A história de Hurst com saúde mental remonta ao ano de 2013, quando ele era um arremessador promissor no sistema de liga menor dos Pittsburgh Pirates. Ele passou de jogar 97 mph para não ser capaz de jogar a bola em linha reta. De repente, Hurst desenvolveu uma espécie de travamento, um distúrbio de ansiedade no desempenho que o afetava tanto que os arremessos passavam sobre as cabeças dos agressores.

Hurst não conseguia segurar uma bola sem a mão tremer. Ele começou a ter ataques de pânico. Em grande parte dos três anos seguintes, ele passou os dias sentado em um quarto escuro assistindo TV e as noites tentando fazer qualquer coisa para se livrar da dor.

“O objetivo sempre era apenas desmaiar. Qualquer coisa, Xanax ou cocaína, que fez esse sentimento desaparecer, eu tentei. Não foi a ideia mais brilhante que já tive”, frisou, ao ‘Times-Union’.

Após a tentativa de suicídio, Hurst parou de ingerir álcool e de usar drogas.

Selecionado na primeira rodada do draft de 2018 pelos Ravens, Hurst agora está tentando auxiliar outras pessoas que convivem com a depressão.
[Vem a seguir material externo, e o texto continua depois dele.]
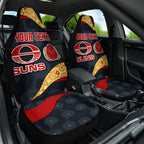 Personalized Suns Football Car Seat Cover Easter Egg Pattern Red Yellow Tribal Dot Art Style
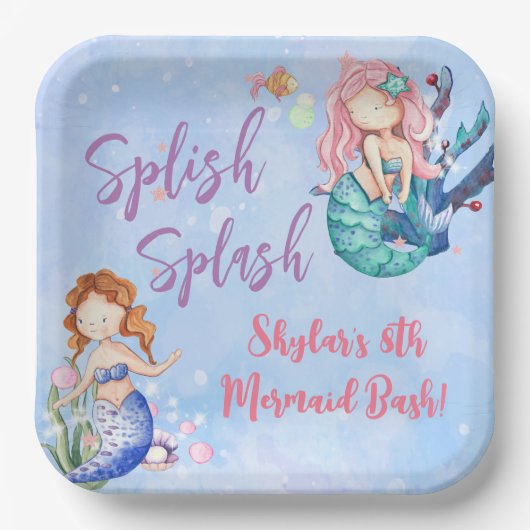 Waterverf Mermaid Bash Birthday Paper Borden Papieren Bordje (Voorkant)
Ele falou em escolas e faculdades em Maryland e na Flórida, sempre frisando a necessidade que a geração mais jovem deve ter de abordar a saúde mental.
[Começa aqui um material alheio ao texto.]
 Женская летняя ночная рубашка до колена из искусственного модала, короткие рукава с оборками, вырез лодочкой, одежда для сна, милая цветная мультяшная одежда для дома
“Não tenho respostas para consertar tudo isso. Ainda é uma tentativa e erro até hoje, mas direi que tenho muito mais dias bons do que dias ruins. Não sou esse super-herói retratado na TV. Sou uma pessoa comum”, finalizou.

– Drew Brees anunciou nesta semana que vai continuar defendendo o New Orleans Saints na temporada 2020 da NFL. E isso faz com que as negociações de um novo contrato sejam, basicamente, apenas algo protocolar.
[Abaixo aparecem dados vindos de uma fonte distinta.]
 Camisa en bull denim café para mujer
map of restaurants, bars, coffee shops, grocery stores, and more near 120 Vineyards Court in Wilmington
Mas Sean Payton, técnico dos Saints, notou em entrevista à ‘WWL Radio’ que um novo contrato com o quarterback Taysom Hill deve ser muito mais trabalhoso do que um novo acordo com Brees.

“Se ele não estivesse sob contrato antes do ano novo da liga, eu esperaria que prestássemos muita atenção a isso e analisássemos a proposta da primeira rodada”, falou Payton sobre Hill. “Isso levará algum tempo, em relação ao contrato dele, porque é único no que ele está fazendo agora e no que sentimos que ele pode ser e o que ele pode fazer quando Drew se aposentar. Isso provavelmente exigirá um pouco mais de trabalho do que o contrato que (o general manager) Mickey (Loomis) faz com Drew”, ressaltou.

– Kyler Murray, jovem quarterback do Arizona Cardinals, está fazendo uma campanha para que seu time selecione o wide receiver CeeDee Lamb no draft de 2020. Os dois jogaram juntos na Universidade de Oklahoma.

“Eu e CeeDee temos um ótimo relacionamento. Esse é um dos meus garotos. Obviamente, eu gostaria muito dessa escolha. Obviamente, não faço escolhas. Estou aqui para o que quer que seja, mas estou ansioso pela free agency e para adicionarmos grandes jogadores e adicionarmos mais deles no draft para que possamos continuar a crescer. Mas, sim, se escolhermos o CeeDee, isso seria ótimo. Temos um relacionamento muito confortável. Joguei com ele, estive com ele por anos, então sim, eu não acho que seria uma má escolha de maneira alguma”, afirmou Murray recentemente ao jornal ‘The Arizona Republic’.